**TASK:**
Word for word, restate the lines of the data below between those holding "Black and white" and "istock Bread loaf", inclusive; pictures do not belong in the copy.

**DATASET RECORDS:**

================================

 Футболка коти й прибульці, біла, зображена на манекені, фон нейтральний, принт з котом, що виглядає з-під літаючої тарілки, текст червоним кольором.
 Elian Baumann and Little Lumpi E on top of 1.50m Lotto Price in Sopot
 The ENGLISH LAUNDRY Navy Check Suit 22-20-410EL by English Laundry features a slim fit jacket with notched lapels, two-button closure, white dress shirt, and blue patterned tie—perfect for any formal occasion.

================================

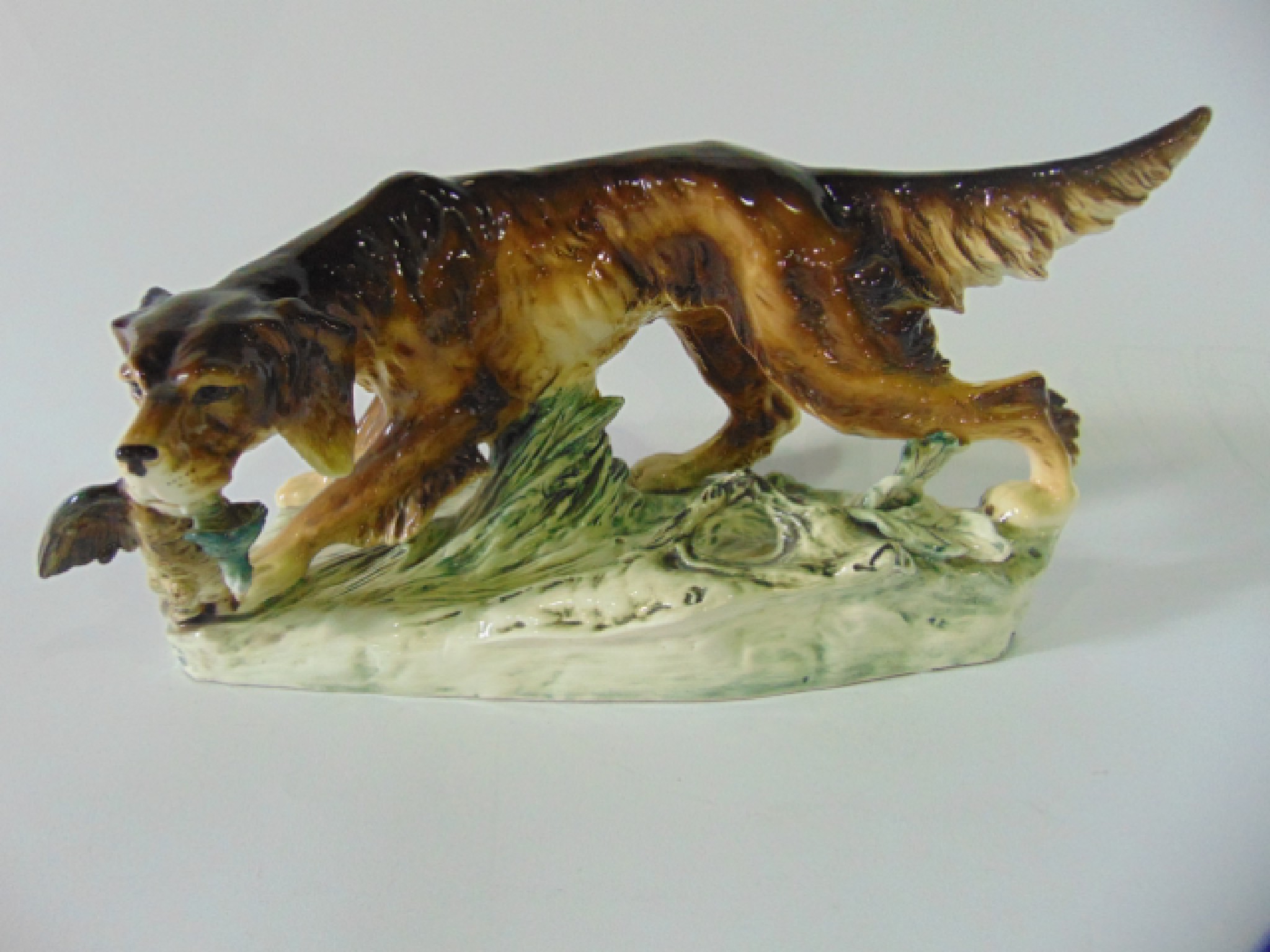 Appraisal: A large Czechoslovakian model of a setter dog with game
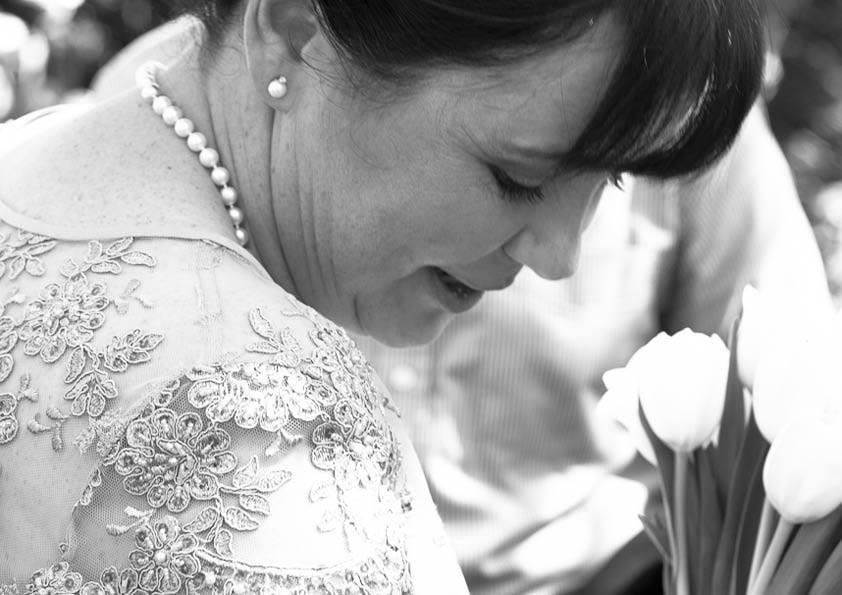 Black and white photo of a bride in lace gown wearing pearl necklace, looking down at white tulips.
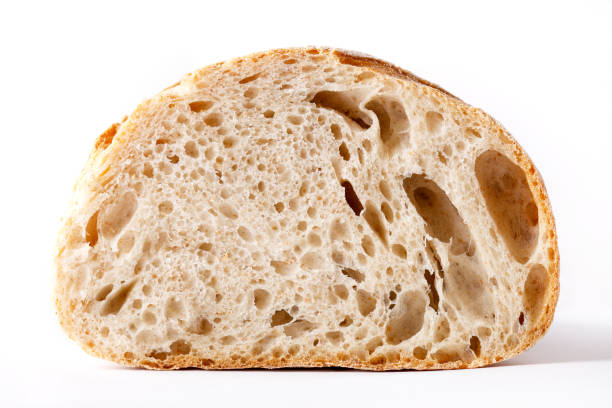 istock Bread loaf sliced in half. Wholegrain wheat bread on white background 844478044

================================

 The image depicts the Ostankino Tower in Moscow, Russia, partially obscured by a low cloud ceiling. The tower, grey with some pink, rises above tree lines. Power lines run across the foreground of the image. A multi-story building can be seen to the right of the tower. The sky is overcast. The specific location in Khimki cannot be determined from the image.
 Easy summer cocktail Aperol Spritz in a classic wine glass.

================================

**SOLUTION FOR THIS EXERCISE:**
 Black and white photo of a bride in lace gown wearing pearl necklace, looking down at white tulips.
 istock Bread loaf sliced in half. Wholegrain wheat bread on white background 844478044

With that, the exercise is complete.